AI shows why data portability counts

Data portability is a commonly repeated promise of crypto. “Take your subscribers and social graphs on the Internet.” “Bring your video game articles to games and platforms.” “Connect to any site with a single unified identity.” These statements have aroused manufacturers and developers, but have not yet been running.

Recent platform changes have highlighted the fragility of our digital life. With discussions on a potential Tiktok ban, creators are faced with losing years of content and audience relationships overnight. Meanwhile, while American consumers adopt new IA models like Deepseek, built in China, they are faced with similar questions about the place where their data live and which could have access to it.

These are symptoms of a fundamental problem: users do not have or really control their data. We live on rented land.

Many of the main crypto investors today have written on data portability and user sovereignty at the start of Web2. This vision of an internet – where users, not platforms, control their digital life – was one of the engines of the crypto. While Crypto has succeeded in financial applications, this promise of portable data and a self-sovererant Internet remains dissatisfied.

We have seen many attempts: NFTS allowing you to bring articles through games, decentralized social networks such as farcaster and promising social graphs of Bluesky and verifiable identity standards. None have (yet) seen a widespread adoption.

The reality? While the first internet thinkers are deeply careful about the principles of data sovereignty, most users have a simpler question: what can I really do with it?

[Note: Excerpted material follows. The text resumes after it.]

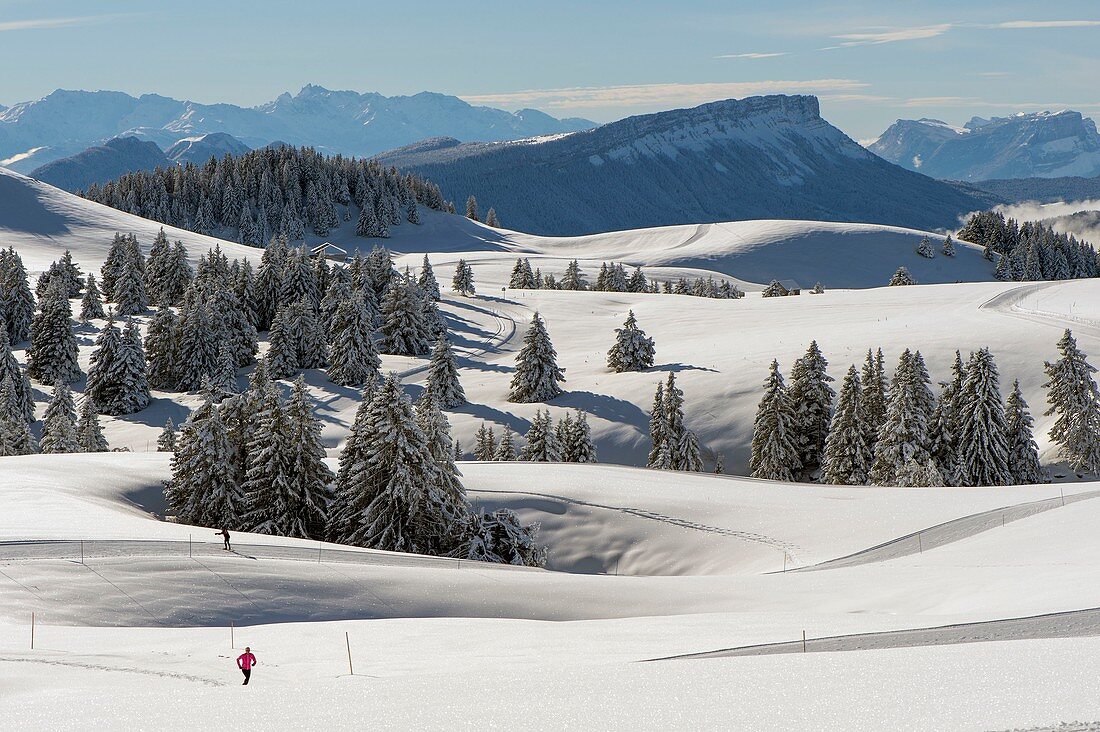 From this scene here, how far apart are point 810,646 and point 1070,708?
22.3ft

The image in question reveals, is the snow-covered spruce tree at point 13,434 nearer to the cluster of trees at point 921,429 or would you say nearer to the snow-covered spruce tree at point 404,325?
the snow-covered spruce tree at point 404,325

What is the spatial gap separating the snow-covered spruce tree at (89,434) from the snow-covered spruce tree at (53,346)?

Without AI, most of the data is only relevant in the closed gardens of the platform on which it is located. With AI, it becomes a precious digital product and a tool to supply almost all applications. Your history of messages helps AI to understand your writing style, preferences and relationships. With many users storing their data in self-souveratic wallets, developers can create AI experiences that are really personalized. The AI ​​finally provides the “why” on data portability, in the form of a better product experience rather than ideology alone.

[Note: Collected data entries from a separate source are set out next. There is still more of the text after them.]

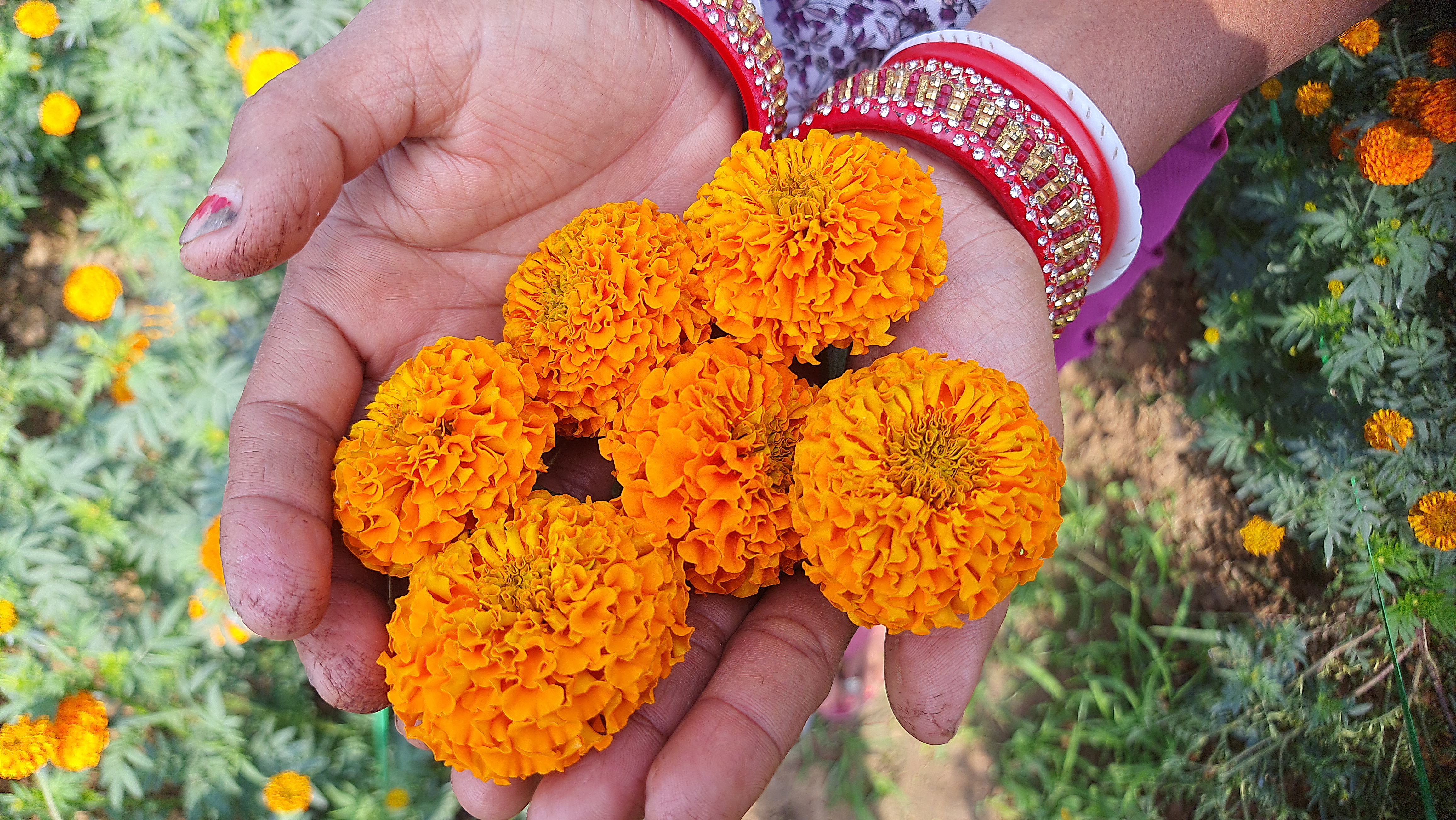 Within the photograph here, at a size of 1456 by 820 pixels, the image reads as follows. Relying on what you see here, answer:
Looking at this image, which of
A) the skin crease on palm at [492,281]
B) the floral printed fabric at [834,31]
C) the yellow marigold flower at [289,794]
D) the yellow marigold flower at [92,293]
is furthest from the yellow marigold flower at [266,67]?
the yellow marigold flower at [289,794]

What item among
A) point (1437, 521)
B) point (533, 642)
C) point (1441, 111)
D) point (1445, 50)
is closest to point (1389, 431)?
point (1437, 521)

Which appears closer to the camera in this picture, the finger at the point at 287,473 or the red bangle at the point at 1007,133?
the finger at the point at 287,473

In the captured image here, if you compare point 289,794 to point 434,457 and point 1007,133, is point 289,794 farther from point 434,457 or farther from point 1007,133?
point 1007,133

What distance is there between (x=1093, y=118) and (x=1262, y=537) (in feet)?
6.03

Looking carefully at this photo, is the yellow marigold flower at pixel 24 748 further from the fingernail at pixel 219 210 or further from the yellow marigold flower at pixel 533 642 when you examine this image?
the fingernail at pixel 219 210

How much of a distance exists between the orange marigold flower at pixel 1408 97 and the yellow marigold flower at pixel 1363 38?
0.16 m

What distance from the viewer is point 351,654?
2078 millimetres

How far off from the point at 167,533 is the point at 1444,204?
14.9ft

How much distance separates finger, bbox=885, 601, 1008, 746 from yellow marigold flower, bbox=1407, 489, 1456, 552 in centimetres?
169

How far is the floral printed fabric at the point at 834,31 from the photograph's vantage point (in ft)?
9.63

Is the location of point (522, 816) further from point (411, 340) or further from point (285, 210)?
point (285, 210)

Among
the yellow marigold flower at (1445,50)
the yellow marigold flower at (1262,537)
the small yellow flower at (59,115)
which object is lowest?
the yellow marigold flower at (1262,537)

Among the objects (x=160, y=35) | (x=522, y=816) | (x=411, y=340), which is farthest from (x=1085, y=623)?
(x=160, y=35)

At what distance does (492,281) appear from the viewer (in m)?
2.66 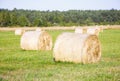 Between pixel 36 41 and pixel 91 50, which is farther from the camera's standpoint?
pixel 36 41

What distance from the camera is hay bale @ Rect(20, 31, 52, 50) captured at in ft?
82.2

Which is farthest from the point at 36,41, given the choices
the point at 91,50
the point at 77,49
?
the point at 77,49

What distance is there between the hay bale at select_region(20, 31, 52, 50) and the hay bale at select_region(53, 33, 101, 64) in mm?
6825

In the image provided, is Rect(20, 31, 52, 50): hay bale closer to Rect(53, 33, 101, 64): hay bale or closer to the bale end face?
Rect(53, 33, 101, 64): hay bale

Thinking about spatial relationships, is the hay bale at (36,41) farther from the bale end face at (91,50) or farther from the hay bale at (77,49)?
the bale end face at (91,50)

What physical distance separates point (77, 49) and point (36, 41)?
27.6ft

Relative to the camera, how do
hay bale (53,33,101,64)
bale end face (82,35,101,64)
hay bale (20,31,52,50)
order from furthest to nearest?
hay bale (20,31,52,50), bale end face (82,35,101,64), hay bale (53,33,101,64)

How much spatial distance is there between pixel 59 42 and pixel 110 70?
4.68 m

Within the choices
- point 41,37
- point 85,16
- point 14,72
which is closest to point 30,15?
point 85,16

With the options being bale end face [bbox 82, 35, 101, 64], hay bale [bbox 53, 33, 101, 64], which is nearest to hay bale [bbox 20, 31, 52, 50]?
hay bale [bbox 53, 33, 101, 64]

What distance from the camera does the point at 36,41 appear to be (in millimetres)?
25000

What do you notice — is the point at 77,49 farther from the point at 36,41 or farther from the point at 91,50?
the point at 36,41

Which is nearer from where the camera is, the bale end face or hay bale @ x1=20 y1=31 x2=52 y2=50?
the bale end face

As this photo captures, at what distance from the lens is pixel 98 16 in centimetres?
16812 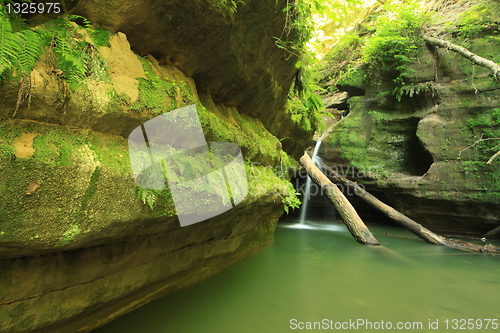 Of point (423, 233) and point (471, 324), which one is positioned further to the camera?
point (423, 233)

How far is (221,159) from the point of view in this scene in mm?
4297

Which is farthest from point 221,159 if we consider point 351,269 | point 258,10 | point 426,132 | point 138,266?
point 426,132

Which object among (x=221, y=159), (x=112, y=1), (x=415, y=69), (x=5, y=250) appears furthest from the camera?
(x=415, y=69)

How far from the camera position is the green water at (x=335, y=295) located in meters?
3.76

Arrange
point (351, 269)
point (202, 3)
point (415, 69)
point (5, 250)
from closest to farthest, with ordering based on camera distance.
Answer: point (5, 250) → point (202, 3) → point (351, 269) → point (415, 69)

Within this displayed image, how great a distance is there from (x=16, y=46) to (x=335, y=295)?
5.34 m

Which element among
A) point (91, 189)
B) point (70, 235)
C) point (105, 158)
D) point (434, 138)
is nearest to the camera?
point (70, 235)

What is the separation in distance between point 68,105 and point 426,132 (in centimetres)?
1221

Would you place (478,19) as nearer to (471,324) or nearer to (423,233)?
→ (423,233)

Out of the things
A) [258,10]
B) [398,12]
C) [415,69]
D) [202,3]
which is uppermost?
[398,12]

There is still a cold start problem. It is not practical for users to connect their data. And for developers, the state of mind today is: if you convince users to download their data from your platform, why would they make it easier for them? This creates a cycle where each new platform becomes another enclosed garden, recreating the very problem they have decided to solve.

This is where new incentive structures could finally break the extractive cycle. Datadaos create an immediate opportunity for users to transfer their data through financial incentives, solving the cold starting problem, as long as the data is integrated in an interoperable and interoperable way, as on Vana. As more users provide their data in these interoperable systems, developers can create applications that were not possible before.

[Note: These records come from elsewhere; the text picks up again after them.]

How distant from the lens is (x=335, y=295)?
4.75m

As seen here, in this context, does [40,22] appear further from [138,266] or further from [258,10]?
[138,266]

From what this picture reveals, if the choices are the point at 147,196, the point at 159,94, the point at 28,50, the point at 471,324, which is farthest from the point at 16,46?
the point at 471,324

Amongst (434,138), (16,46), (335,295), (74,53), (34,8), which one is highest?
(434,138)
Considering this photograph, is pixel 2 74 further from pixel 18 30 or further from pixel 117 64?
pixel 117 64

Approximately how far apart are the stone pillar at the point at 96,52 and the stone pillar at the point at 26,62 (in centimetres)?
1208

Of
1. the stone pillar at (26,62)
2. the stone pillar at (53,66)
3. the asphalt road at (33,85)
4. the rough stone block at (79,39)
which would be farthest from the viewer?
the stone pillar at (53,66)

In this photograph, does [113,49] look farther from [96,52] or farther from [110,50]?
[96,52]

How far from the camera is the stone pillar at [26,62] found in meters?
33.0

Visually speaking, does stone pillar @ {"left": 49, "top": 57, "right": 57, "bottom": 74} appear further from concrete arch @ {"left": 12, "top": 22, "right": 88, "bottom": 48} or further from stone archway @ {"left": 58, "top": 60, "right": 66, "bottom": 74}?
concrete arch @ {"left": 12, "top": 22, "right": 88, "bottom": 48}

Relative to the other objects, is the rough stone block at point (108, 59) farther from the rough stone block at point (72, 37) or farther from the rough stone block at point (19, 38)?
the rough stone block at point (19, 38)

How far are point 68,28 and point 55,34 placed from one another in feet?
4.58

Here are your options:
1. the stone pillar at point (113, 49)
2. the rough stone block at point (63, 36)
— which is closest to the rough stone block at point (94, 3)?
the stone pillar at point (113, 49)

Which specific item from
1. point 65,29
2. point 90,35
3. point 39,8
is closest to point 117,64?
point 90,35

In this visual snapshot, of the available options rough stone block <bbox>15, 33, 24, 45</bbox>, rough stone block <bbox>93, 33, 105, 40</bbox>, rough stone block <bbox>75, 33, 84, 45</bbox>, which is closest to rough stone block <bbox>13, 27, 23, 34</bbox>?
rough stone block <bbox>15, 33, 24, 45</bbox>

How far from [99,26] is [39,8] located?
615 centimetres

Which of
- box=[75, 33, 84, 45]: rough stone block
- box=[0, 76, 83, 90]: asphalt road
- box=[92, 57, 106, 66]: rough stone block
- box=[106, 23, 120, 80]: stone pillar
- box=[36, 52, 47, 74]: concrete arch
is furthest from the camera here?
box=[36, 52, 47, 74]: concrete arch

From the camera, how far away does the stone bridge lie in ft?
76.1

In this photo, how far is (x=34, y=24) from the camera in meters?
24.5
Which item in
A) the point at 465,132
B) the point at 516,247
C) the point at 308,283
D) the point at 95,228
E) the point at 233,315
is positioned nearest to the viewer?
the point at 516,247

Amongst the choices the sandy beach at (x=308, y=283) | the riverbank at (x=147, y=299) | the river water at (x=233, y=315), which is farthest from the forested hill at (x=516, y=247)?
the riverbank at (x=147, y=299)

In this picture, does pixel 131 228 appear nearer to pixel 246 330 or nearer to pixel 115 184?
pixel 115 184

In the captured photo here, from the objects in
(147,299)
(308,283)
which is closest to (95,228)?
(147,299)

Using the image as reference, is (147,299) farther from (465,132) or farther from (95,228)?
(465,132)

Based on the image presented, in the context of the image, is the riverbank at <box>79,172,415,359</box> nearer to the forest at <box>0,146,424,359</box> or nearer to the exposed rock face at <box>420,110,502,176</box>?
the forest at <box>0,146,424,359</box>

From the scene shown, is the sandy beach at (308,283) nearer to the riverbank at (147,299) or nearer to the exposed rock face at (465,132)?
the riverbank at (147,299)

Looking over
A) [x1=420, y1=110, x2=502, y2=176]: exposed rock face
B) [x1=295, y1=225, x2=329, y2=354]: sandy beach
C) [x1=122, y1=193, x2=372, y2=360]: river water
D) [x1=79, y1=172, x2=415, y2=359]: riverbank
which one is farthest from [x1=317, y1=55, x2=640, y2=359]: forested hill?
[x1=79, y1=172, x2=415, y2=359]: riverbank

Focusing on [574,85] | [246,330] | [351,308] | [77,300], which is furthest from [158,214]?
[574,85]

Imagine a personalized health coach who can analyze your data on Oura sleep, your Strava training, your nutrition of food delivery applications and your communication stress levels.

Or, an AI assistant who really understands you because he can access your complete digital history while keeping your privacy through granular authorizations.

This solves a critical problem that tormented data portability attempts. Users will not export their data without clear advantages and developers do not build for portable data without users. Data Daos breaks this impasse by immediately painting for users to connect the data.

Most importantly, once users have rendered their self-sovererant data, new types of applications become possible. AI agents can access your full digital history to provide truly personalized experiences. Developers can create applications that combine data in a way that was not possible when closed on all platforms.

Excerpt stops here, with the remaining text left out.